+++ Excerpted data +++

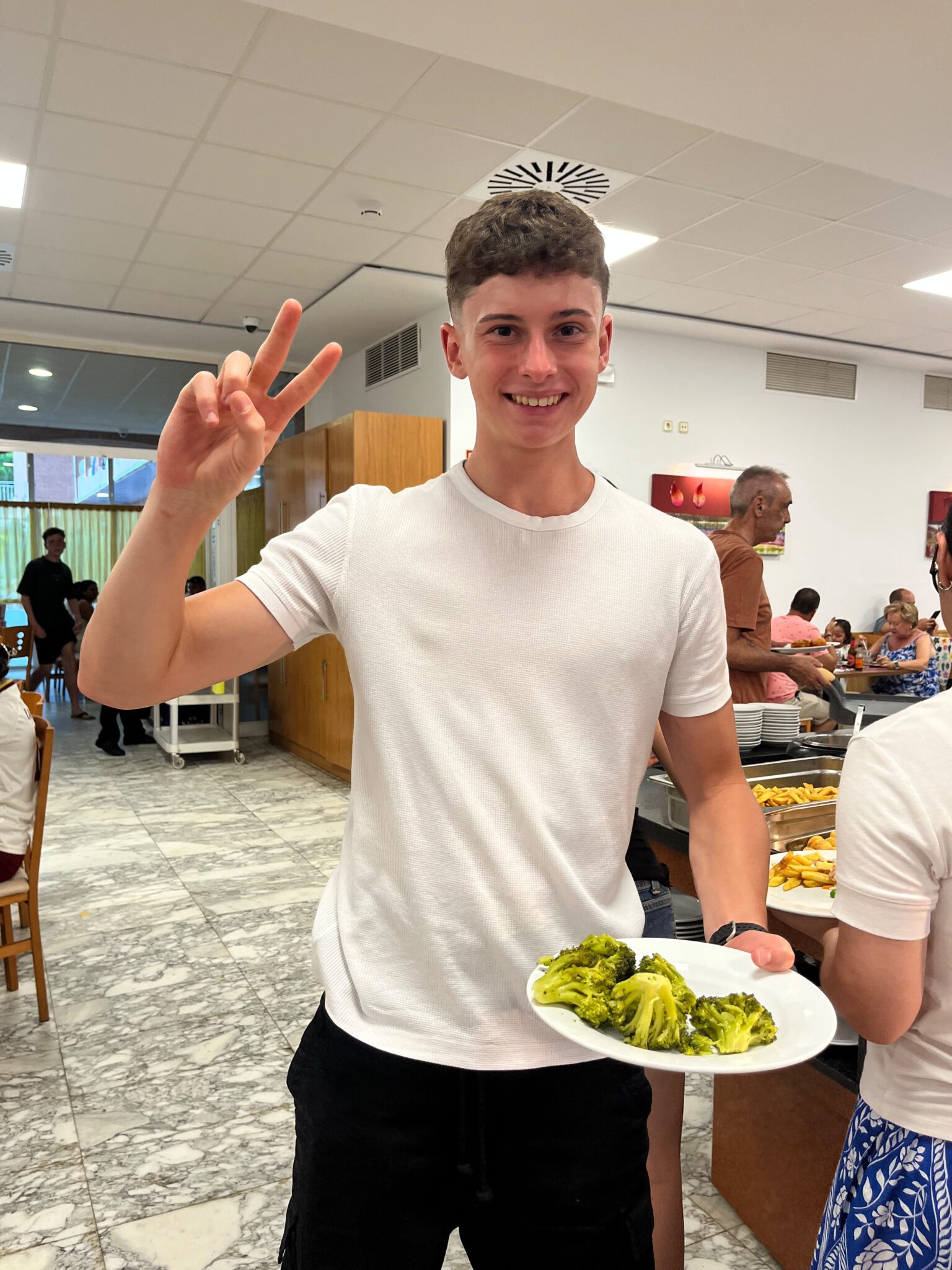 adolescente sonriente en un comedor de hotel con una plato de brecol al vapor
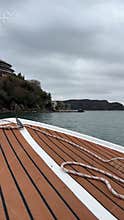 View from wooden boat approaching the shore under cloudy sky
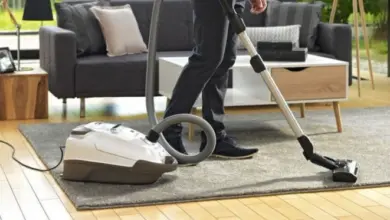 Osoba vysává koberec v obývacím pokoji s vysavačem.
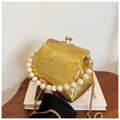 Elegant gold pleated shell bag with large pearl handle and metal chain strap - Gold
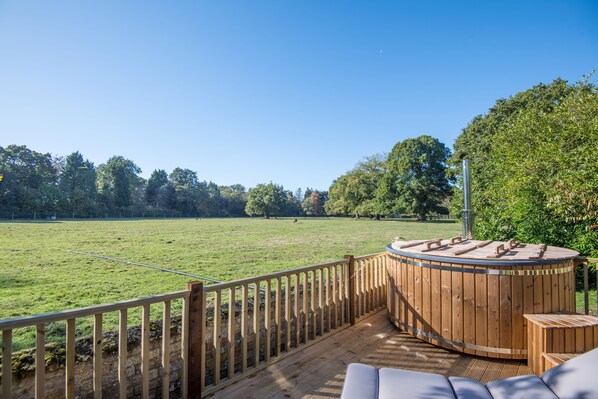 The Stable Cottage: The wood fired hot tub looking over the fields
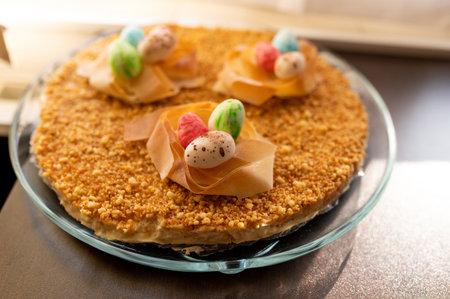 Easter cake with yellow mirror glaze, chocolate, spring flowers, quail eggs on dark stone...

+++

• Required work: Give the entries above again, exactly as written and free of images.

• Answer box:
 adolescente sonriente en un comedor de hotel con una plato de brecol al vapor
 View from wooden boat approaching the shore under cloudy sky
 Osoba vysává koberec v obývacím pokoji s vysavačem.
 Elegant gold pleated shell bag with large pearl handle and metal chain strap - Gold
 The Stable Cottage: The wood fired hot tub looking over the fields
 Easter cake with yellow mirror glaze, chocolate, spring flowers, quail eggs on dark stone...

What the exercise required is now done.